Dataset entries →

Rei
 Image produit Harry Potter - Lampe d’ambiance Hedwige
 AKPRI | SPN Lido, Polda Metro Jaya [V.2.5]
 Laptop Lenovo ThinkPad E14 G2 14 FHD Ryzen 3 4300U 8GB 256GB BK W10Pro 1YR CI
* * *
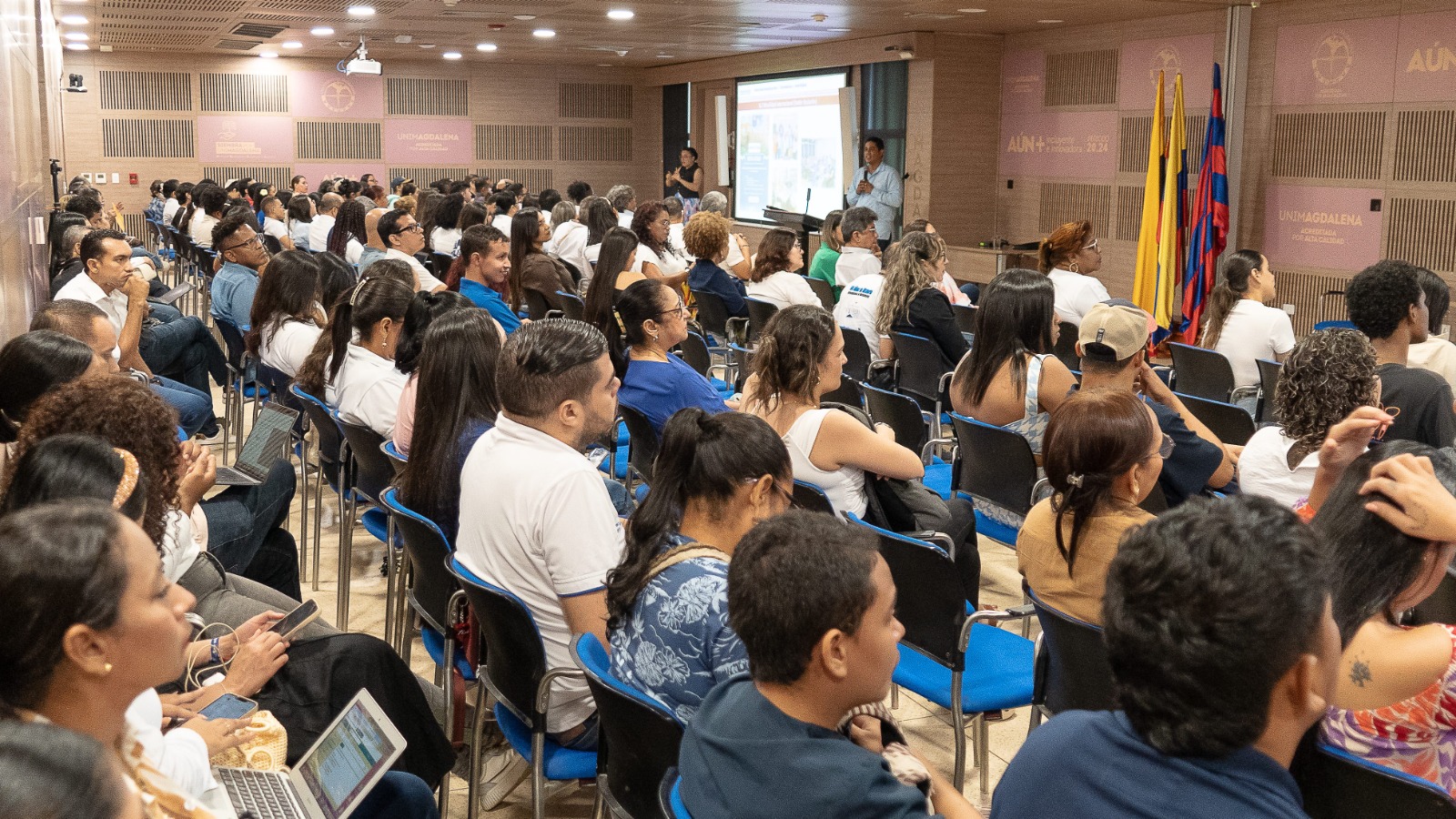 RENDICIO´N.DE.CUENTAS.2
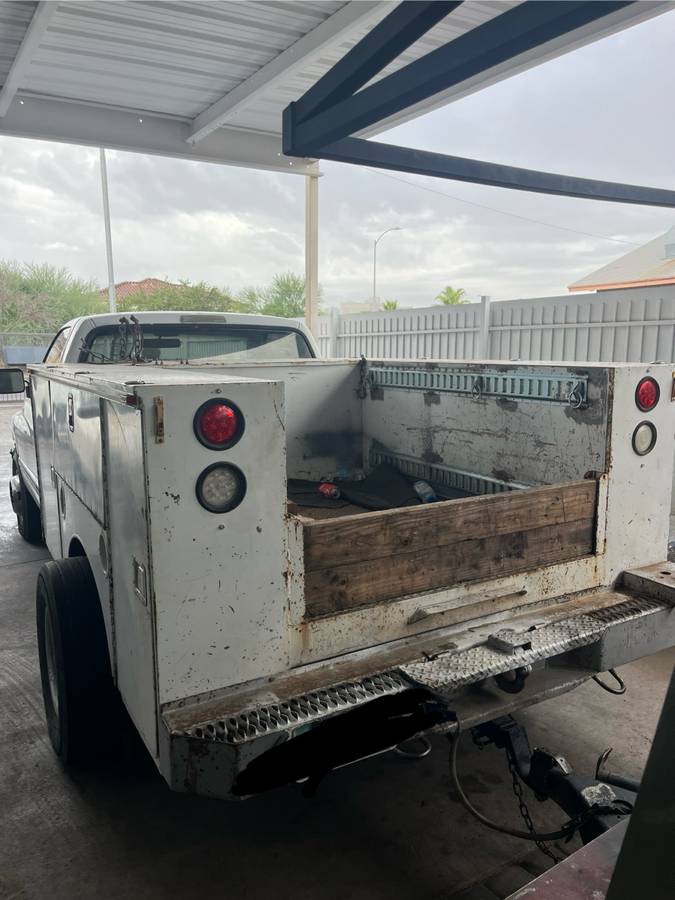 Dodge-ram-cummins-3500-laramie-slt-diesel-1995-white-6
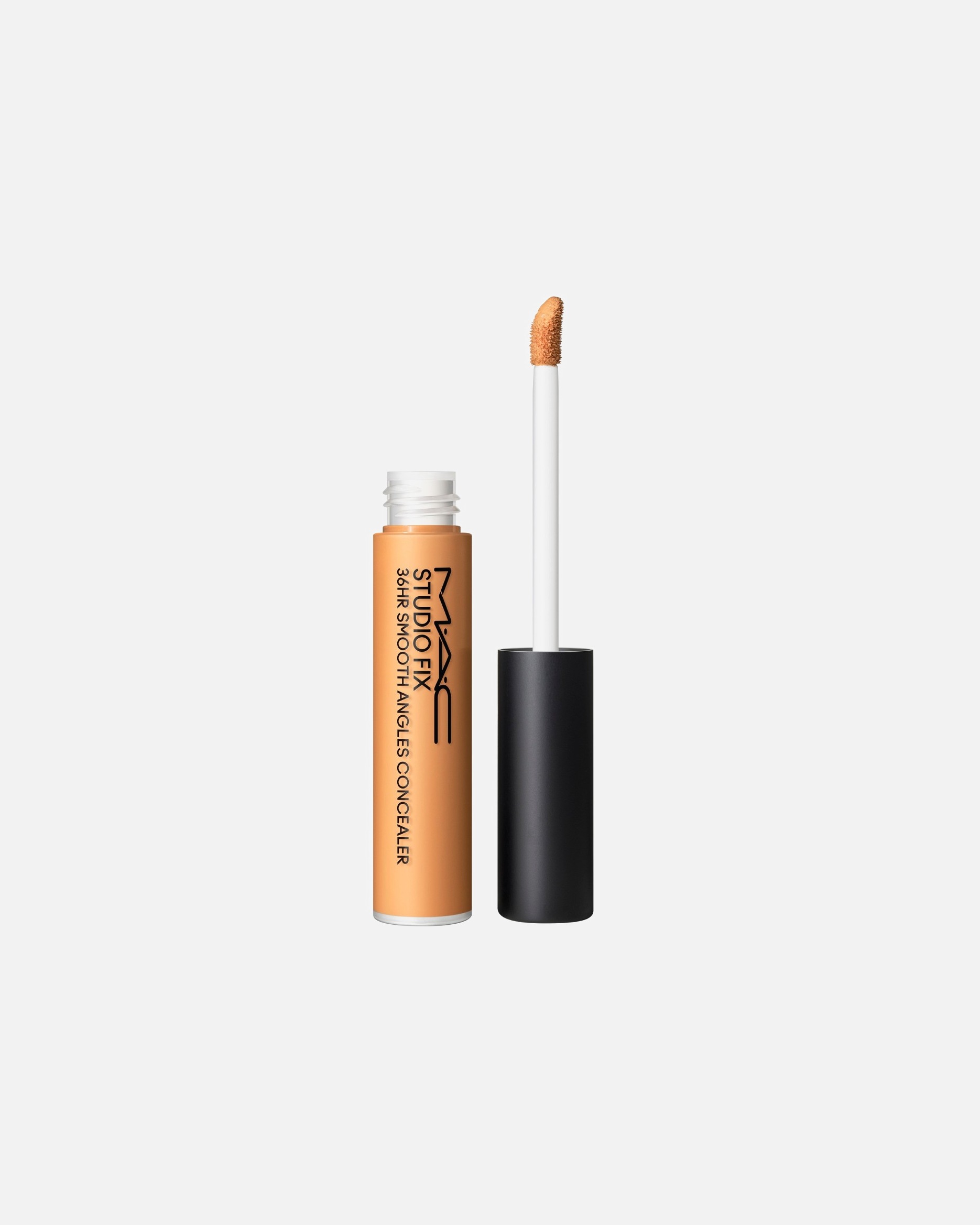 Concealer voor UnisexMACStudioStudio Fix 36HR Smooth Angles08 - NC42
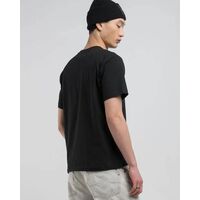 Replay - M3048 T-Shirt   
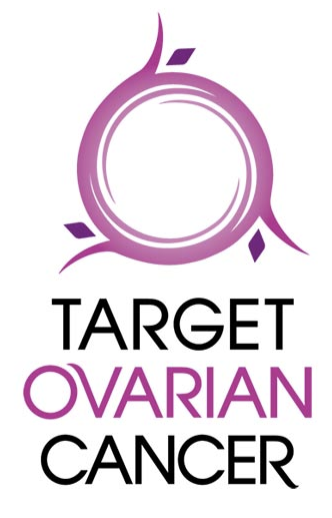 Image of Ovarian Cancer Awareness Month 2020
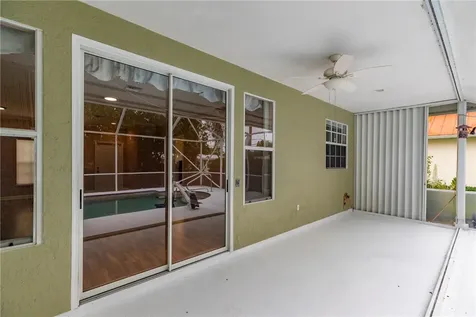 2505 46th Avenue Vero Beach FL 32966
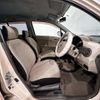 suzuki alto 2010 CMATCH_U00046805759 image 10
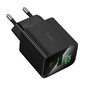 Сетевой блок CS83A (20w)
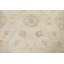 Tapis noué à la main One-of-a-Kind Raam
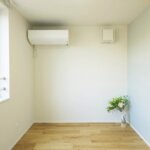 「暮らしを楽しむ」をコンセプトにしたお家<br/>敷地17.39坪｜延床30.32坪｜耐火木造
---
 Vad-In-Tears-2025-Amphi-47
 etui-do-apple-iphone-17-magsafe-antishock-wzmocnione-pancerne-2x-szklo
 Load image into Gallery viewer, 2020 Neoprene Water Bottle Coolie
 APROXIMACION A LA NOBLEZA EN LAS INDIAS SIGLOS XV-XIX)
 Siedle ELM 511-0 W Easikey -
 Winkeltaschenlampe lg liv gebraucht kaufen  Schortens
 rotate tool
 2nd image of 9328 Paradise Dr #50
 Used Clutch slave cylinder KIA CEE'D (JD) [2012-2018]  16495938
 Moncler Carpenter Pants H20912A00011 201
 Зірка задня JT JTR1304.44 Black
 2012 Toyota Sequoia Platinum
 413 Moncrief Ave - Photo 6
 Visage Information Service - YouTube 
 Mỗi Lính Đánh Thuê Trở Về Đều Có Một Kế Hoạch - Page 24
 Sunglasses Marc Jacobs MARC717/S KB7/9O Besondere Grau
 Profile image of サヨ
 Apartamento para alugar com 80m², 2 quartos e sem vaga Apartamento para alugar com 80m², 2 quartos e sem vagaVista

What is required →
Nothing but the lines above from the one containing "Sunglasses Marc Jacobs" through the one containing "e sem vagaVista" should appear in the answer, each repeated exactly.

Result for this exercise →
 Sunglasses Marc Jacobs MARC717/S KB7/9O Besondere Grau
 Profile image of サヨ
 Apartamento para alugar com 80m², 2 quartos e sem vaga Apartamento para alugar com 80m², 2 quartos e sem vagaVista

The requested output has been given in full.